■ Extracted information
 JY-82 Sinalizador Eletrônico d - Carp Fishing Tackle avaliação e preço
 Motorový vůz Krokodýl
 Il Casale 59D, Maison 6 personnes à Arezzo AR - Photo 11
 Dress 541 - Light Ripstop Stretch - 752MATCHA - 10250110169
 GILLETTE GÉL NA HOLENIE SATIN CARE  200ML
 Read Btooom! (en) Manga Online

...

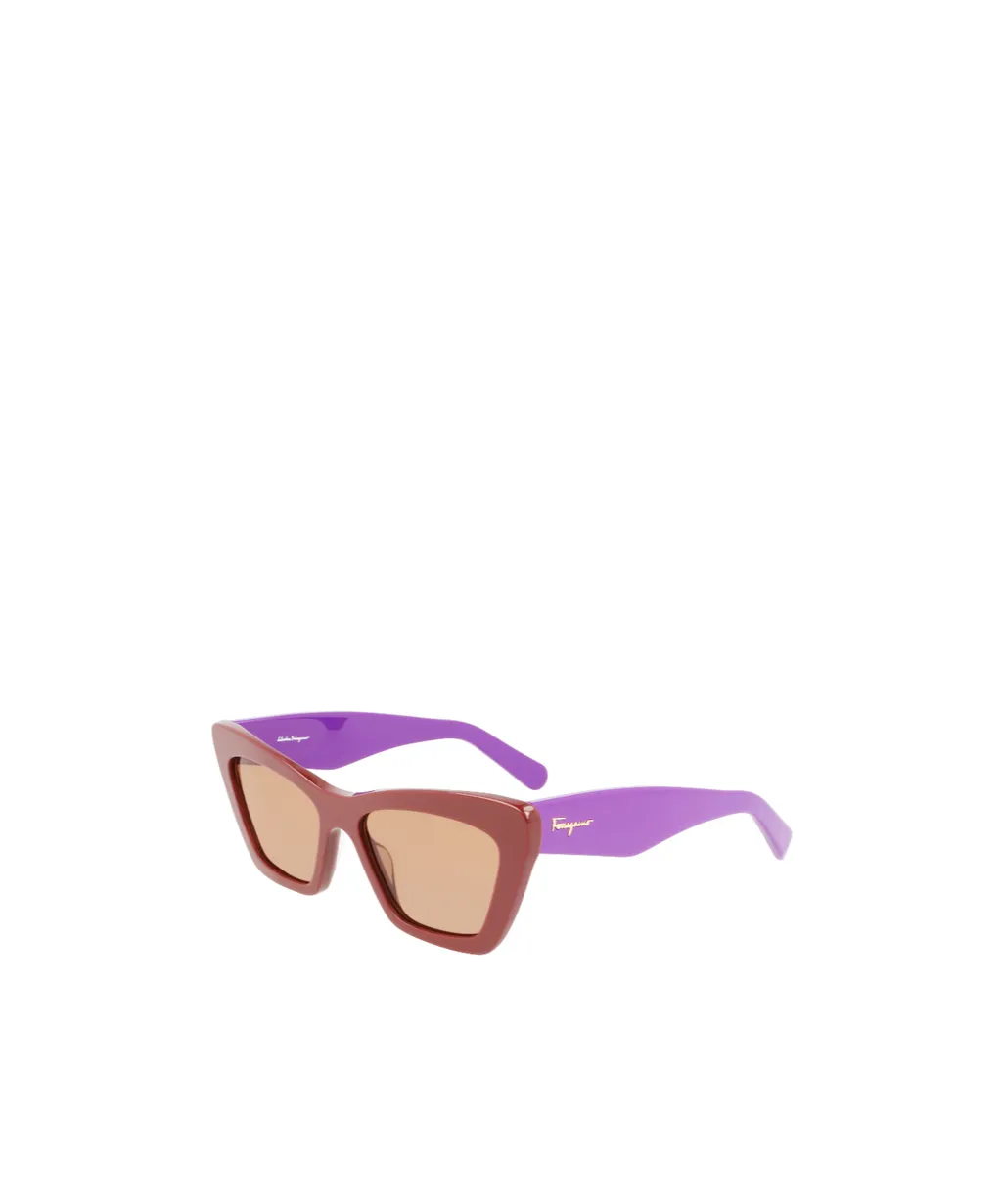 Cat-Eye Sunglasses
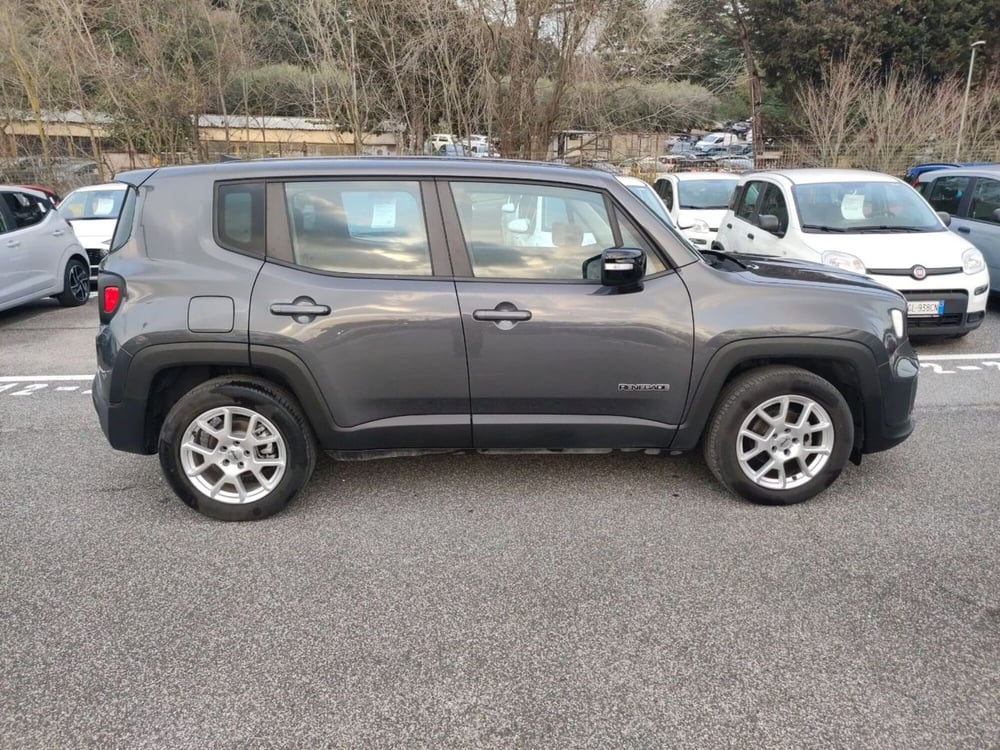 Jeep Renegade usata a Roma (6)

---

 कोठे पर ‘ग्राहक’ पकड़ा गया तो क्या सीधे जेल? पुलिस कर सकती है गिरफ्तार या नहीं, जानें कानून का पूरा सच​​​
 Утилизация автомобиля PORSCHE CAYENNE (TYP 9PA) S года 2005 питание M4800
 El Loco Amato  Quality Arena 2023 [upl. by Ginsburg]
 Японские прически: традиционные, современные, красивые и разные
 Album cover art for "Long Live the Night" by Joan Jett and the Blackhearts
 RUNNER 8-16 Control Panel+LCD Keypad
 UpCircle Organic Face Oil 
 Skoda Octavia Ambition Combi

■ Work instructions
Retype exactly, and only, the lines above from the one where "Il Casale 59D, Maison" occurs up to and including the one where "Read Btooom! (en) Manga Online" occurs.

■ Answer to the exercise
 Il Casale 59D, Maison 6 personnes à Arezzo AR - Photo 11
 Dress 541 - Light Ripstop Stretch - 752MATCHA - 10250110169
 GILLETTE GÉL NA HOLENIE SATIN CARE  200ML
 Read Btooom! (en) Manga Online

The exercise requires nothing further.